The Sears family papers contain 31 letters, 21 account books, 20 legal documents, 9 school writings, and 360 receipts, spanning 1767-1848.
The Correspondence series primarily covers two periods of time: 1771-1806 (21 letters) and 1832-1842 (10 letters). Relatives of the elder Peter Sears and his wife Thankful wrote many of the letters dating to the earlier period, concerning family news and health. An early undated letter, written by Salley Sears during the Revolutionary War, conveys the news that one of Peter Sears' brothers had been captured and transported to Charleston, South Carolina. On September 12, 1802, Joseph Sears wrote a letter to Thankful, acknowledging Peter Sears' death and expressing sympathy. Several other letters of this period contain orders for salt from Peter Sears' store. The younger Peter Sears is the recipient of all of the later correspondence; relatives who had settled across the Midwest, in towns such as Kalamazoo, Michigan, Ann Arbor, Michigan, and Perrysburg, Ohio, wrote to him with updates on their new lives. A common theme in the letters is the hardships they faced as early settlers.
The Documents series contains 20 items ranging in date from 1770-1853, including three wills, several legal documents relating to land in Washtenaw County, and two items relating to the younger Sears' service in the Massachusetts Militia. The Account Books series encompasses records for Peter Sears' store in Yarmouth from 1768-1794, which list items that he bought for himself, as well as orders that he placed for others.

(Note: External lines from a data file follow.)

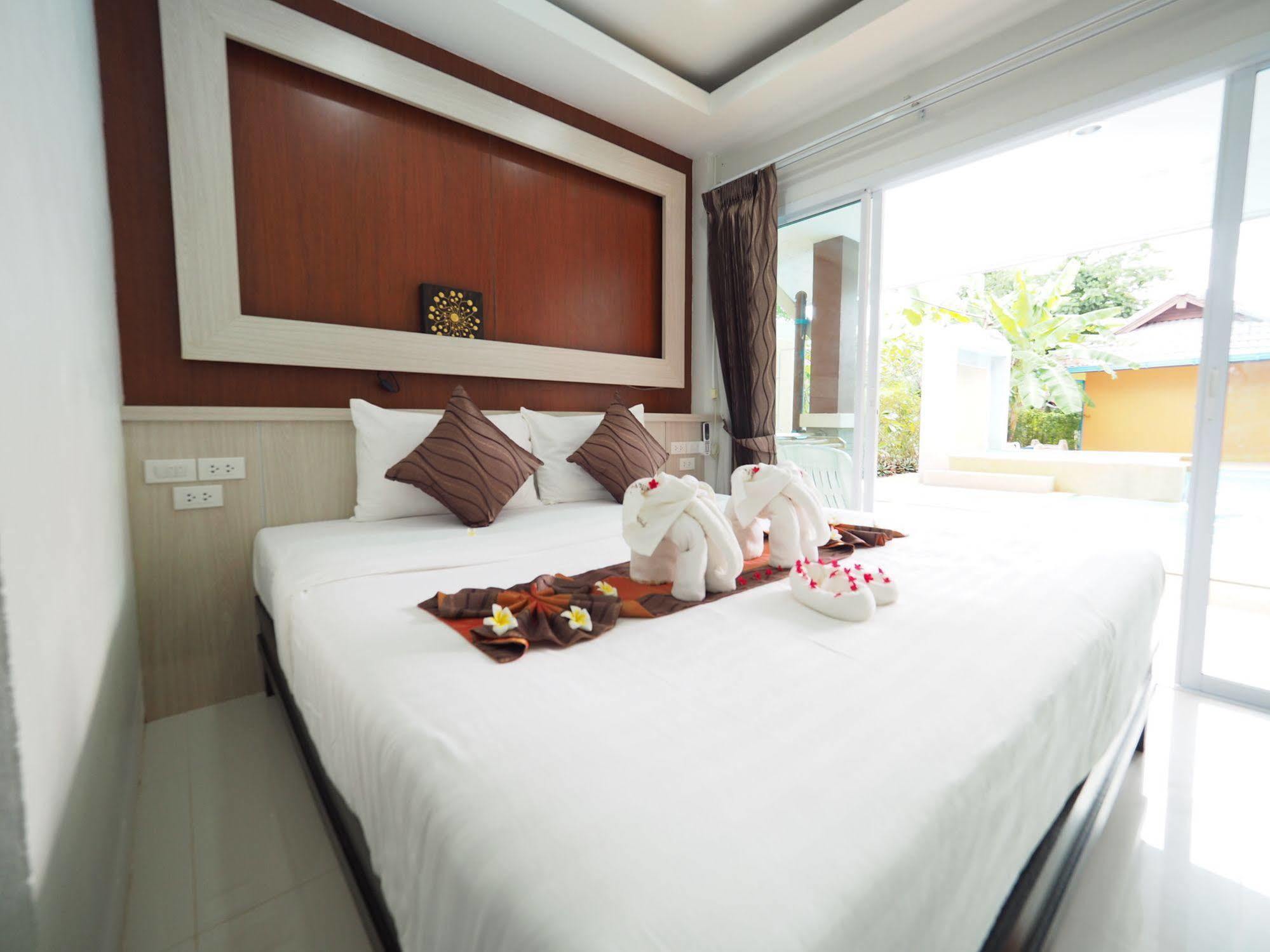 Lanta Fevrier Hotel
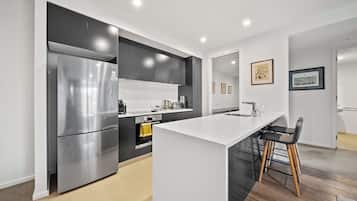 Frigorífico, microondas, horno y placa de cocina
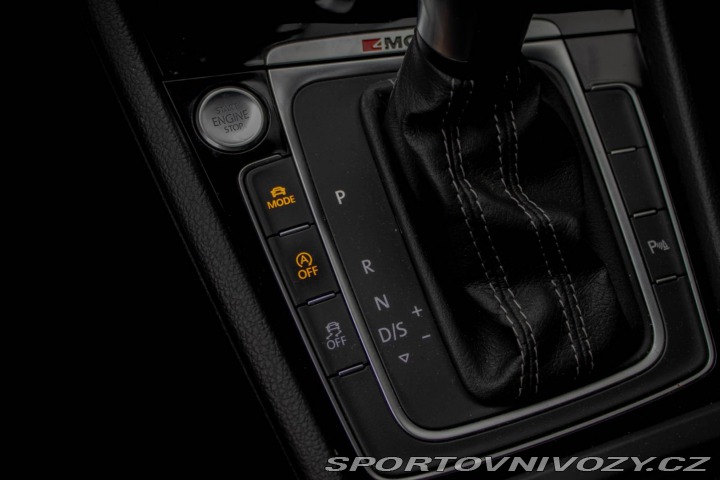 Volkswagen Golf R 2.0 TSI 4MOTION DSG / 2019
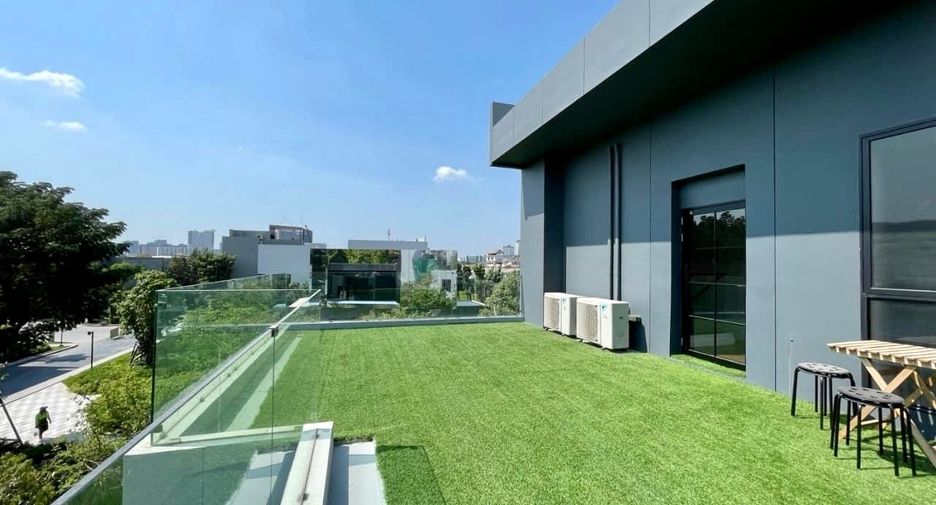 Haus zur Miete mit 4 Zimmer in Bang Kapi, Bangkok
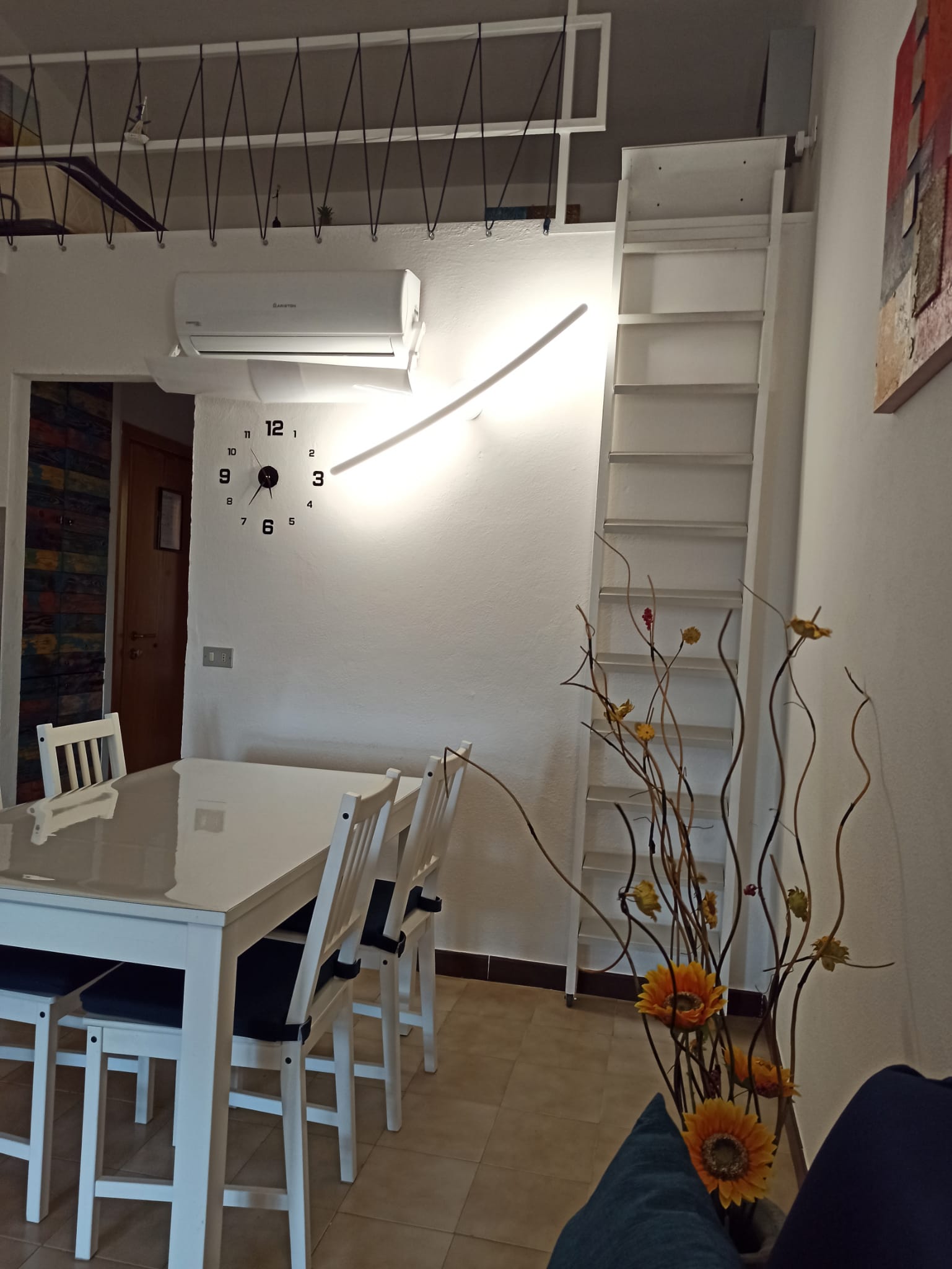 Soggiorno e scala soppalco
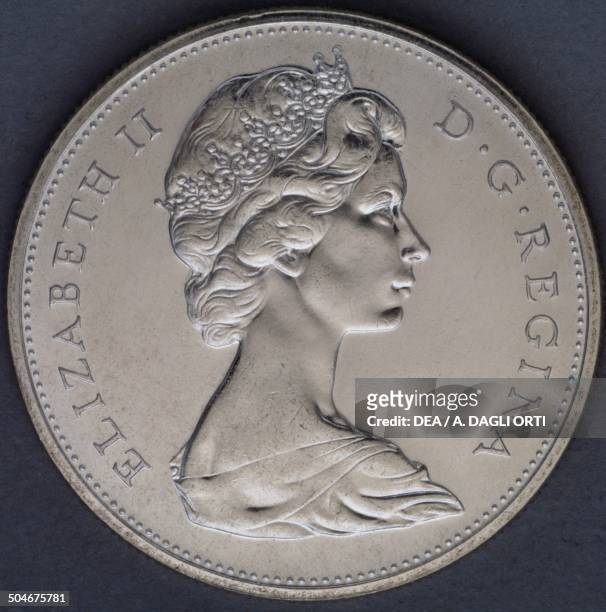 Dollar coin obverse, queen Elizabeth II . Canada, 20th century.
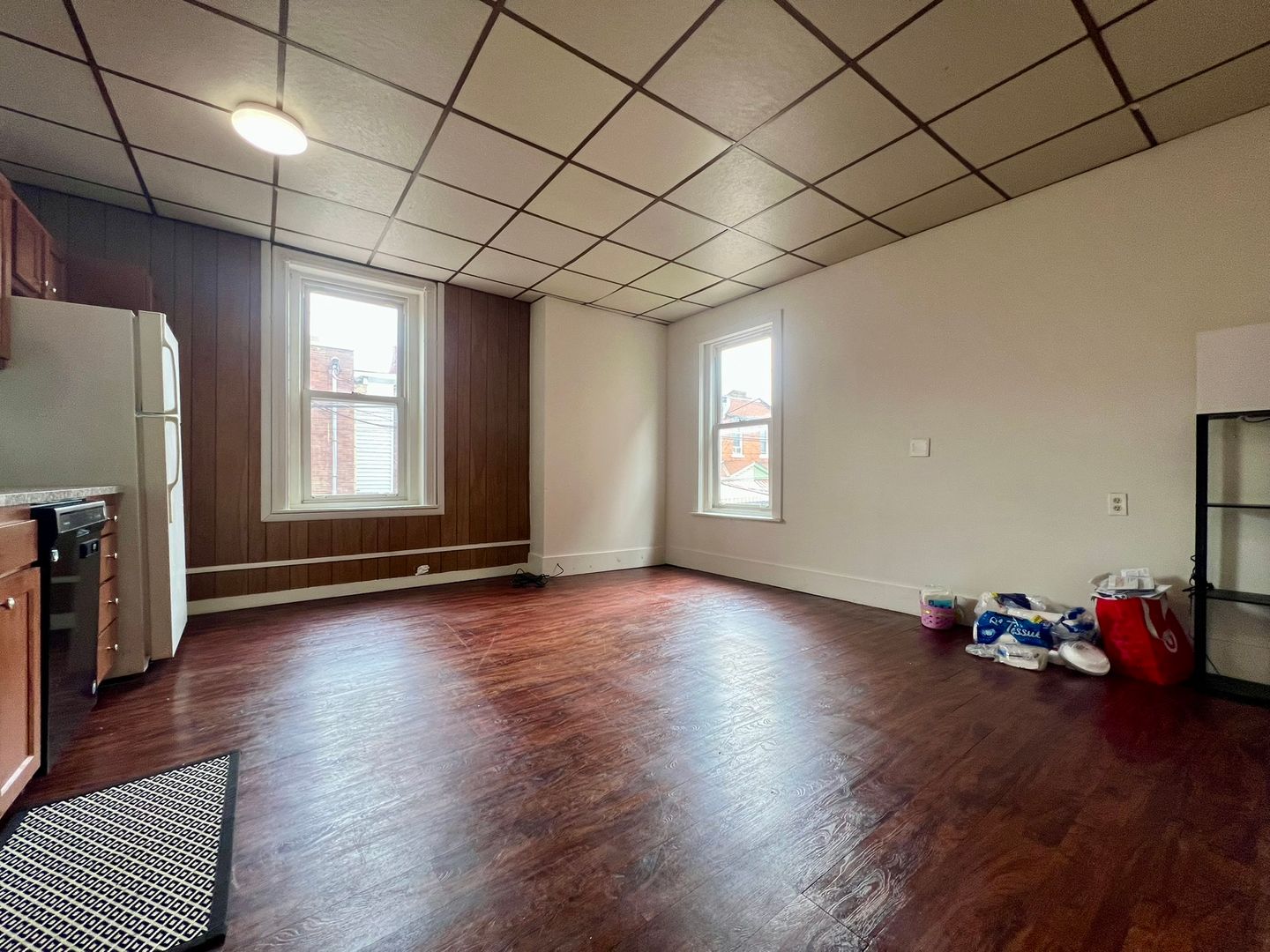 Fantastic Oakland 3BR! 2 FULL Bathrooms / Central A/C! Call Today!!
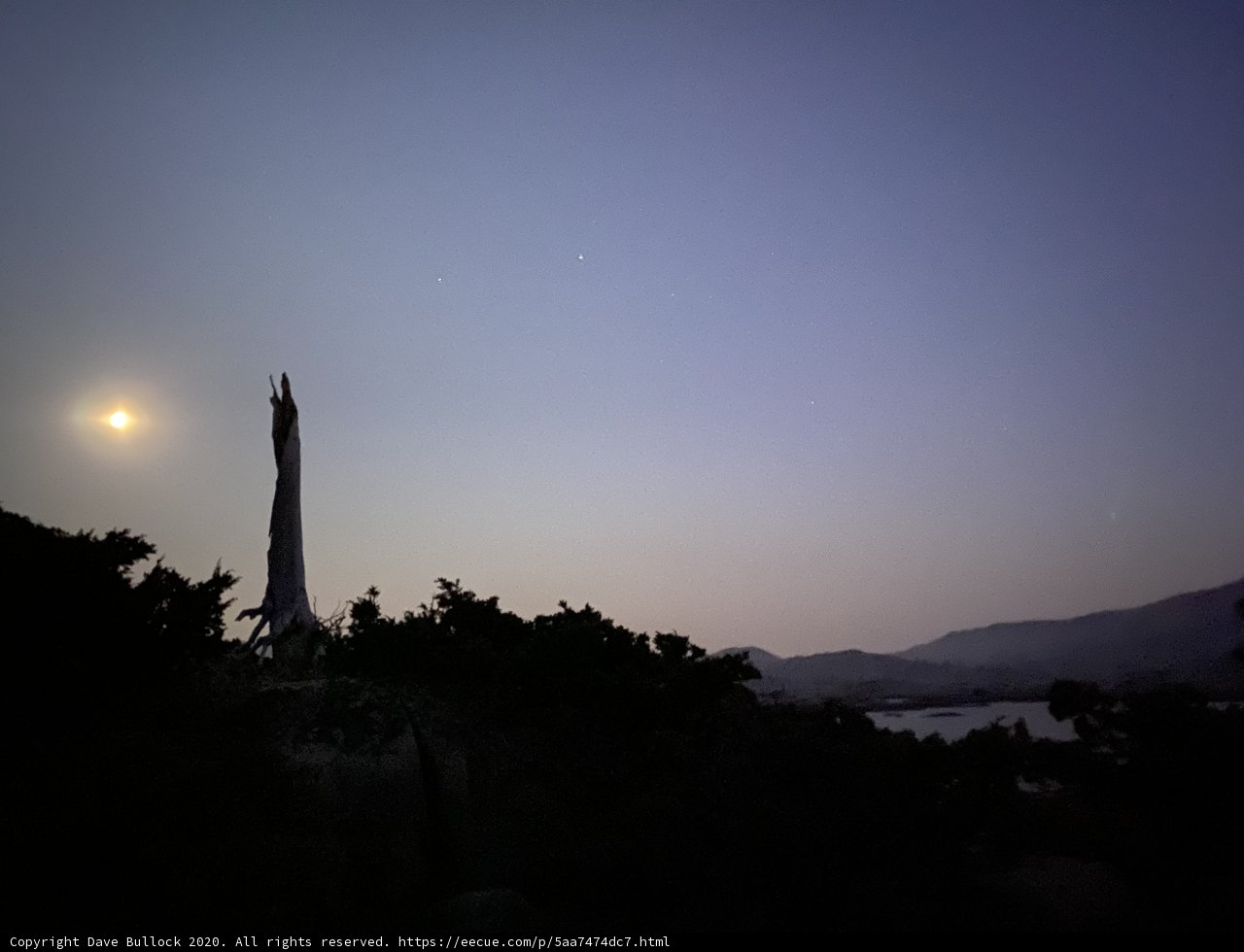 Moonrise over the Desolation Wilderness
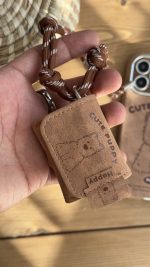 کاور ایرپاد کیوت پاپی چرم قهوه ای سنگشور بدون بند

The Receipts and Financial Records series is by far the largest, and spans 1770-1849. Records from 1770 to 1802 show the types of items that Peter Sears stocked in his store, as well as well as his network of suppliers. After 1802, the financial materials relate to the younger Peter Sears; they document his purchases, payment of taxes, sale of land prior to leaving for Michigan, and debts.